Some of the Pirelli World Challenge’s star drivers on the track aren’t old enough to drive on the street
When Nate Stacy won his first GTS race at Sonoma Raceway in his Roush Performance Road Racing Ford Boss 302 (bottom of page) with Parker Chase in the Performance Motorsports Ginetta (above) second, it marked perhaps the youngest top two in World Challenge history. Stacy is 16, just old enough to get a license to drive on the street. Chase is 15, so he can’t even drive home from the track. There are others – 15-year-old Henry Morse races in Touring Car B (below) and won two races this season; even in GT there are several drivers who can’t spray champagne yet, such as 18-year-old Austin Cindric.
The GTS win at Sonoma wasn’t Stacy’s first World Challenge win, either – he won in TCB at Canadian Tire Motorsports Park two years ago at 14. And further proving that these young drivers aren’t just getting lucky once in a while, Stacy had eight podium finishes, divided equally between second and third, and ended up second in the GTS points. Chase was fourth in the points and named Rookie of the Year in the GTS class.
There was a time not so long ago that a driver under 18 couldn’t even get a competition license to race in SCCA competition. But, like in many sports, they’re starting younger and younger, and often coming in with more experience than some of their older counterparts thanks to karting.
“I was the youngest driver in SCCA history at the time to get a license, and that was in 1971,” says Dorsey Schroeder, the 1989 Trans-Am champion who now serves as race director for Pirelli World Challenge. “You look at the kids nowadays that are 16 and they’ve come out of karting, they’re coming with experience, and it’s proven a pretty good thing so far.”

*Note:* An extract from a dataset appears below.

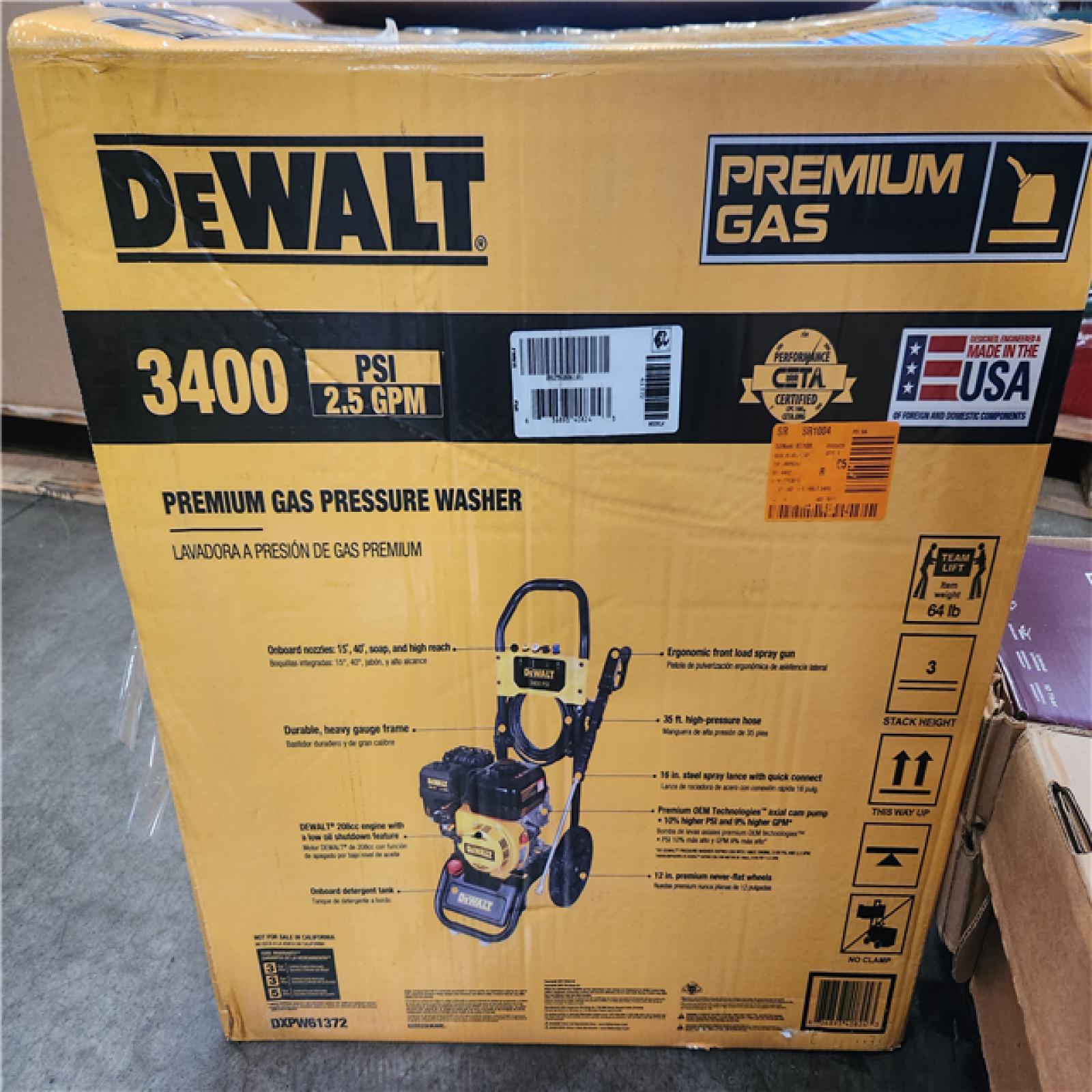 Phoenix NEW DEWALT 3400 PSI 2.5 GPM Gas Cold Water Pressure Washer with DeWalt 210 Engine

Not everyone is always welcoming at first, though, notes Stacy. “I think I’ve even told other drivers that are younger, ‘Be ready for discrimination, because the moment you mess up – even if it’s not your fault – if you’re involved in contact, everyone’s going to say, ‘He’s too young.’ Luckily, when I started, we had really good drivers in TCB, probably the strongest field there ever was. We came in when everyone was really strong, everyone was giving each other respect. I was only once ever in one incident in TCB, and I got turned into, which bounced me into another car.”
Winning, of course, brings some respect. But even before that, the younger drivers have found that it’s possible to earn the respect of the other drivers if you race cleanly.
“What happens is if you get the respect of the other drivers, once you do that, they start defending you,” says Stacy (right).
Racers of every age are prone to overexuberance, youthful or otherwise. That’s where Schroeder comes in:
“I have seen, during the course of the year, these drivers get into trouble,” he notes. “At the beginning of the year, there were some tense moments for them. At one point, after they got some confidence, they were over-driving the car. I had to sit down with some of them – and their mothers and fathers – and say, ‘Look, it’s all good, but right now you’re doing yourself a disservice. You’re driving too hard – you need to go back to the basics.’ Everybody’s guilty of that at some point in time. They responded perfectly and we haven’t had another problem. I knew they’d be good; they showed talent right away.”
Some race series are even talking about allowing drivers as young as 13, but Schroeder admits he has some concerns about that. Still, with racers starting in karting at ever younger ages, they’re ready for cars sooner and sooner, so the trend toward more younger drivers isn’t likely to slow down.
“I think I’ve proven everyone wrong and they’ve gotten used to it,” says Stacy. “I feel I’ve opened the door for Parker and the others to come in, because they have time to come in and they’re going to give them a chance. I’ve proven that it can be done. I think I’ve helped the cause, but I don’t think it’s done yet; it can go farther. Everyone is open minded about age.”